朝日の誤報問題をきっかけに読売が批判キャンペーンを続けている。その狙いは朝日読者の強奪。「影響力の朝日、販売力の読売」と言われたライバル関係は、熾烈なシェア争いに姿を変えた。どちらが新聞業界の覇王の座を奪うのか──エゲツないまでの仁義なき潰し合い現場をお伝えしよう。
〈A紙作戦 千載一遇のチャンス〉
〈A社、A販売店が一番苦しい時に徹底的に攻撃をしかける〉
読売の販売部門の内部文書には、こんな文字が躍っているという。「A」が「朝日」を指していることは言うまでもない。
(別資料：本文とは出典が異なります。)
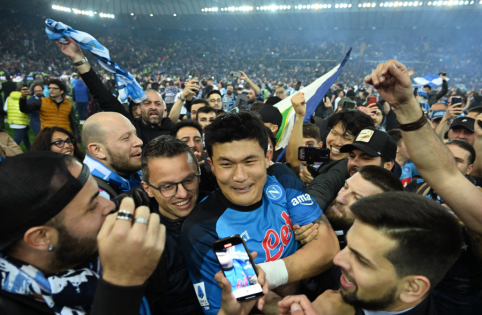 „Man Utd“ užsimojo stiprinti gynybą „Napoli“ žaidėju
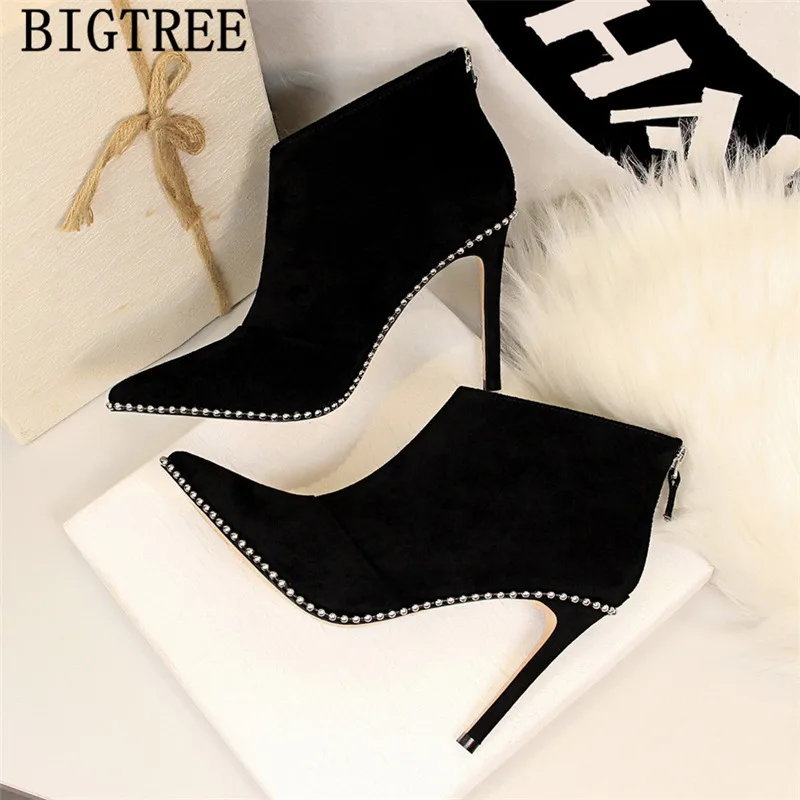 Женские кожаные сапоги Пикантные женские туфли с заклепками на высоком каблуке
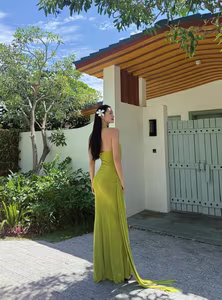 Runner-up Quynh Anh Flaunts Her Mesmerizing Body: A Stunning Physique Under the Summer Sun-8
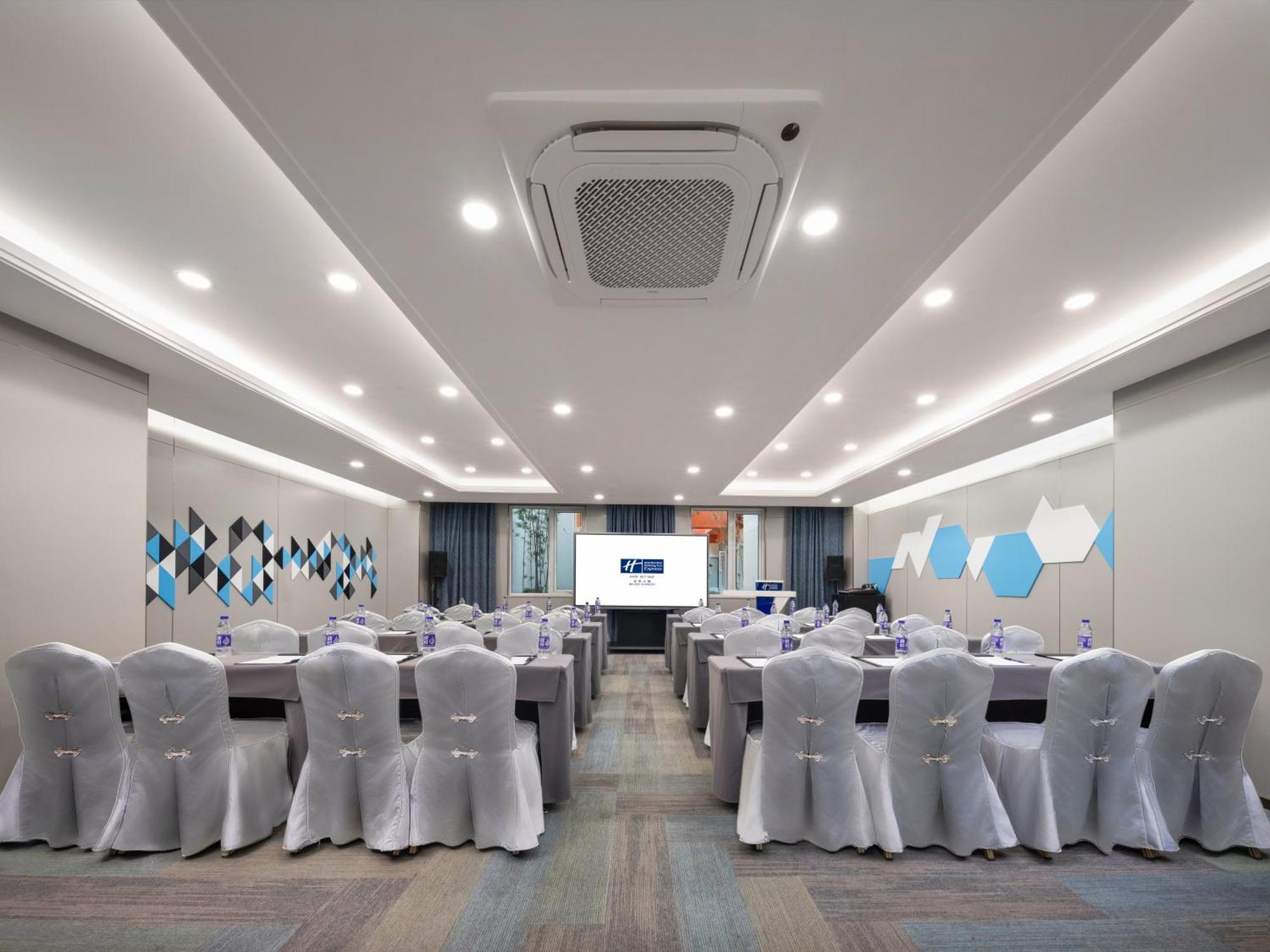 Holiday Inn Express Shangdi Beijing By Ihg L Next To Yuanmingyuan Park & Subway & Qinghe Railway Station & Beijing Sport University L Taxi 15 Minutes To Summer Palace & Peking University & Tsinghua University L 20 Minutes To Badaling Great Wall By Ra Экстерьер фото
読売販売店の関係者が語る。
「読売新聞社から、慰安婦報道を紹介したリーフレットが送られてきました。これを朝日読者に配ってほしいというのです」
読売は77年に部数日本一となる。以来、「影響力の朝日、部数の読売」と言われていた。両社の記者の違いを東京新聞論説委員の五味洋治氏が語る。
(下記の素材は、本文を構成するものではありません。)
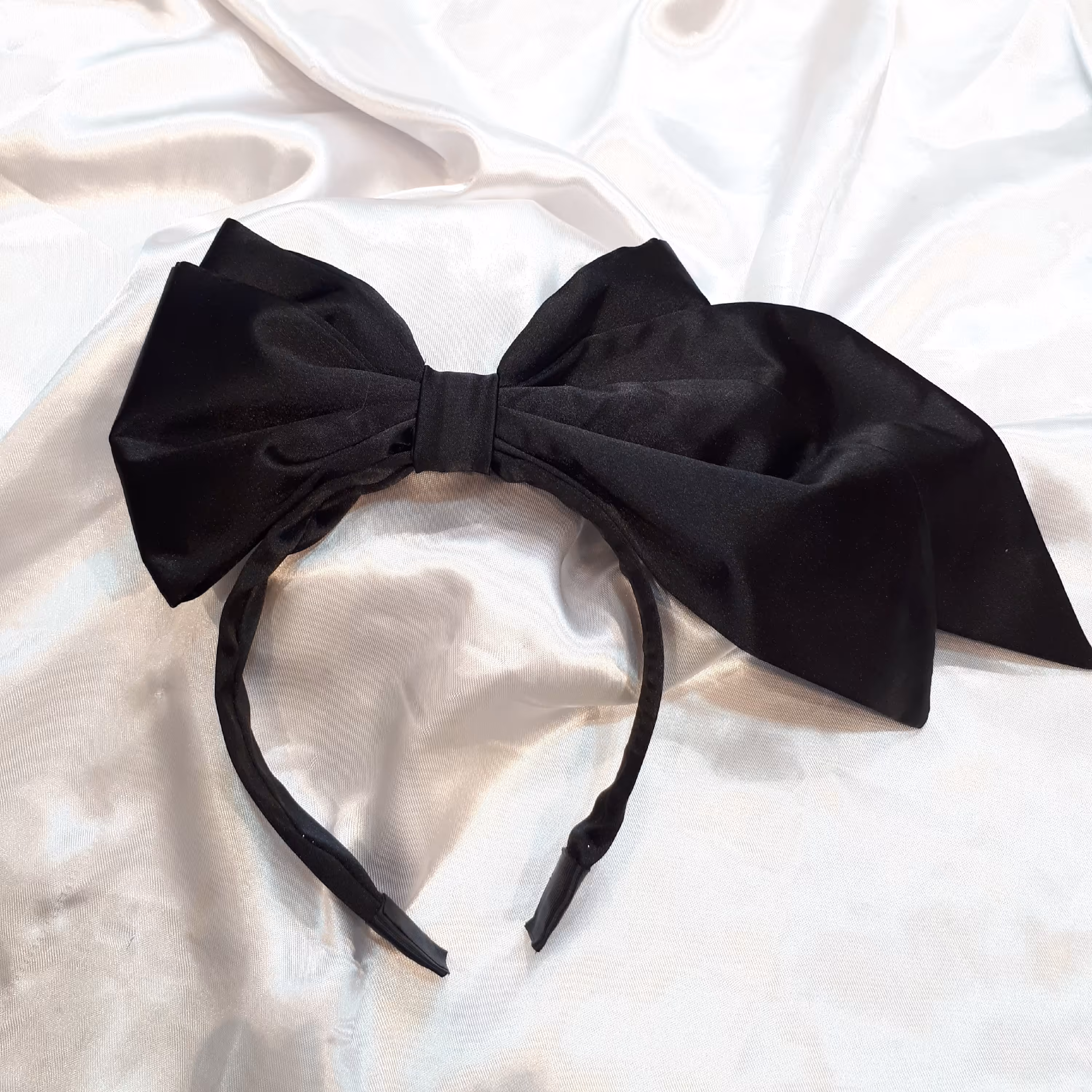 تل سر لاکچری پاپیون ایستاده‌ی ساتن مشکی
「朝日は記者個人の志向を生かすのが特徴です。だから、署名原稿も多いし、書かせるととても深みがある原稿になります。読売は軍隊式で、記者個人というより組織取材の力でネタを取るのが特徴です。署名で記事を書くことはほとんどありません」
この読売の特徴は、「読売中興の祖」である故正力松太郎氏の影響が大きい。警察官僚だった正力氏は、新聞記者を警察式に組織化した。ノンフィクション「巨怪伝」(佐野眞一著/文藝春秋)には、正力氏のこんな言葉が紹介されている。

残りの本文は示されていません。